Title: "Each Part and Tag of Me is a Miracle": Reflections after Tagging the 1867 Leaves of Grass

Author(s): Brett Barney

Publication information: First published on the Whitman Archive. This paper was originally delivered at the 2001 Joint International Conference of the Association for Computers and the Humanities and the Association for Literary and Linguistic Computing.

Whitman Archive ID: anc.00002

In the fall of 2000 Ken Price hired me as a graduate assistant to work on the encoding of documents in the Walt Whitman Hypertext Archive. At the time, I knew enough about HTML to be dangerous and had never heard of SGML, TEI, or any of the other acronyms I've since found myself using on unsuspecting colleagues and loved ones. Ken recommended that in preparation for my work I read the chapter of Guidelines for Electronic Text Encoding and Interchange titled "A Gentle Introduction to SGML," so I did. I was imagining "gentle" to mean gradual and pleasant, as in "a gentle slope," so I pictured myself easing my way into SGML enlightenment, almost imperceptibly; before I knew it I would be able to look back, survey the robust mark-up landscape, and marvel at how far I'd climbed. I've come to believe, however, that "gentle" is used here in the sense it carries in the expression "Break it to them gently." Perhaps the chapter should be subtitled "You Better Sit Down, Kids." This is not a complaint, honestly—we're better off knowing the worst, after all. Though I found the "gentle introduction" daunting and more often blunt than gentle, by working my way through it I did begin to glimpse some of the rich possibilities of SGML encoding—as well as a few of its complexities. My experiences since those first days have only reinforced my initial impressions; as I've worked at encoding Whitman texts, I've experienced both heady moments of insight when I could envision some of the possibilities that rich encoding would offer users and moments of puzzlement and frustration when both the TEI and the texts I was encoding seemed impossibly uncooperative.

Perhaps a portion of my frustrations (and also insights) are the result of Ken's somewhat fortuitous choice of texts to have me start with: the 1867 edition of Leaves of Grass. A number of reasons led to this choice, I believe: First, importantly, Ken already had in his possession an etext of this edition, having obtained permission from a commercial publisher (Primary Source Media) to use their file, which they had marked up in Borland database format and which had subsequently been converted to TEI-Lite at the University of Virginia's Etext Center. I wouldn't need to build a text from the ground up; instead, my task was to deepen this markup by adding a substantial but manageable layer of additional tagging. A second reason that my work began with the 1867 Leaves of Grass is one that I expect is familiar to many projects: We imagined that of all of the editions printed during Whitman's lifetime, the 1867 would likely present the most complicated (and therefore most productive) challenges. Since Alice Rutkowski and John Unsworth and others would be developing a project-wide, TEI-compliant DTD, by working through these challenges we had our best chance to do what is surely impossible: to make at the beginning the wisest decisions for a project that will presumably continue for many years to come.

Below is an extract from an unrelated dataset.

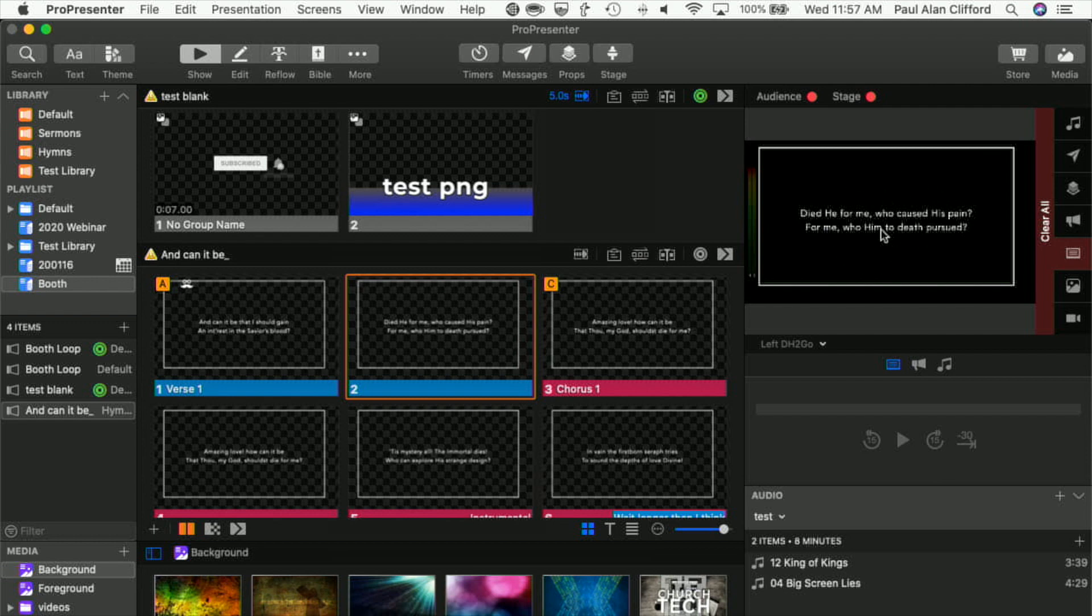So that's how you add a dual head to go, triple head to go, and make it do some interesting things in ProPresenter 7.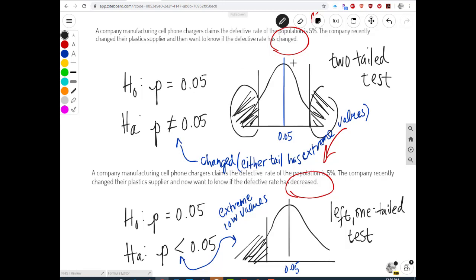Every time you have a change that's not directional — meaning not specifically lower or higher — you'll use the 'not equal to' sign and have a two-tail test. If you're looking to see if there's been a decrease, you'll always have the 'less than' sign in your alternate hypothesis and look for extreme low values in the left tail: a left one-tail test. The opposite applies if looking for an increase — you'd use the right tail.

To say that the 1867 edition of Leaves of Grass presents an unusually complicated case is something of an understatement. Relatively little critical attention has been focused on it, perhaps because, as Luke Mancuso conjectures, it has been labeled "the 'workshop' edition, which has unfortunately relegated its critical stature to the level of a second-rate edition that merits little scrutiny." Ken and Ed Folsom have characterized it as "the most carelessly printed and the most chaotic of all the editions." Indeed, you are likely to find the word "chaotic" in almost any critical discussion of this edition.

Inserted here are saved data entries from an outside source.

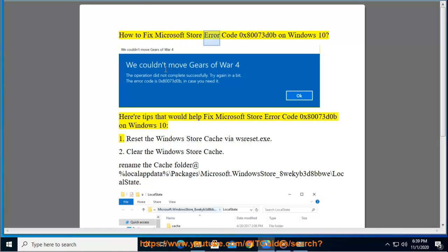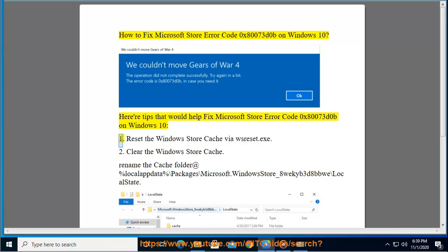How to fix Microsoft Store Error Code 0x80073D0B on Windows 10. Here are tips that would help fix Microsoft Store Error Code 0x80073D0B on Windows 10.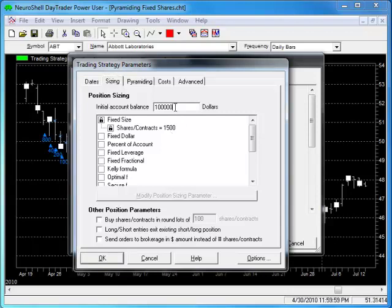Note that you need to have a large enough account balance on the sizing tab to cover all of the trades as well as drawdown, or the number of shares traded may vary from your plan.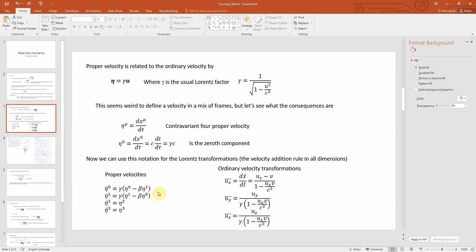The nice thing about using proper velocities is that now our velocities transform in the exact same way as positions in the Lorentz transformation. Compare that to the Einstein velocity addition rule: in the same direction it becomes u_x minus v over 1 minus u_x*v over c squared, which looks quite different from position, and the transverse components also become cumbersome notation. This is why we use proper velocity, and it also has more implications when we start talking about momentum.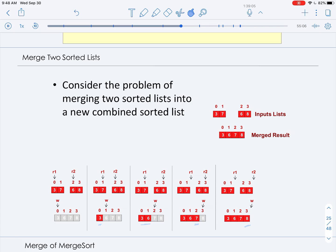Let's trace through what's actually happening. We start with two sub-lists: three, seven and six, eight — both sorted. We want to combine them into a sorted list in our array indexed by w, which is initially empty. R1 points to the first index of the left-hand side and R2 to the right-hand side. We compare value three with value six. Since three is smaller, we copy three into our merged list, advance w to one, and advance R1. Now we compare seven and six.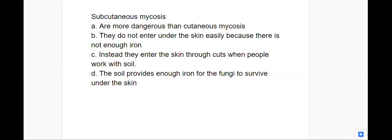Today we're going to be talking about subcutaneous mycosis. If you remember the last video where we were talking about the fungal infections of the skin, we were talking about cutaneous mycosis. Cutaneous mycosis is things that appear on the skin. Subcutaneous mycosis is under the skin.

Many of the same traits that mark the book as chaotic also make it a particular challenge for TEI-compliant encoding. Even choosing a text to "capture" is a thorny issue, since what is usually referred to in shorthand as the 1867 edition is actually at least four notably distinct texts, each variation containing a different assortment of poems. As Folsom and Price have written, this fact is evidence that Whitman "was obviously confused about what form his book should take," not exactly a comforting observation if one considers the emphasis on form that undergirds TEI.

It appears that the most common issue of the 1867 edition is also the one that included all of the poems, though, and the etext I was given was—whether by design or chance I don't know—based on this variant, so it is the one I have worked on. Also, since SGML mark-up holds the promise of this one file being also, for different purposes at different moments, each of these variants the idea of choosing one as a "copy text" is probably an imagined rather than a real concern. The "completeness" of this variant, though, presents its own difficulties for mark-up. To explain these difficulties, I will first need to describe in a bit more detail the nature of the variant forms. Between the 1860 publication of the third edition of Leaves of Grass and the publication of the fourth edition six-and-a-half years later, Whitman's notions of himself and his country had been deeply affected by his experience of the Civil War. The war prompted Whitman to create many entirely new poems, some of which he chose to publish separately in 1865 as a volume titled Drum Taps. The end of the war and Lincoln's death as that volume went to press inspired more poems, and Whitman hurried these through the press as Sequel to Drum Taps. These two slender volumes he bound together in one cover but with separate tables of contents and pagination. For whatever reason, he also chose to stitch copies of them into the back of the new edition of Leaves of Grass. For good measure, behind all of these he included yet another thin sheaf of poems titled "Songs before Parting," again with its own table of contents and pagination.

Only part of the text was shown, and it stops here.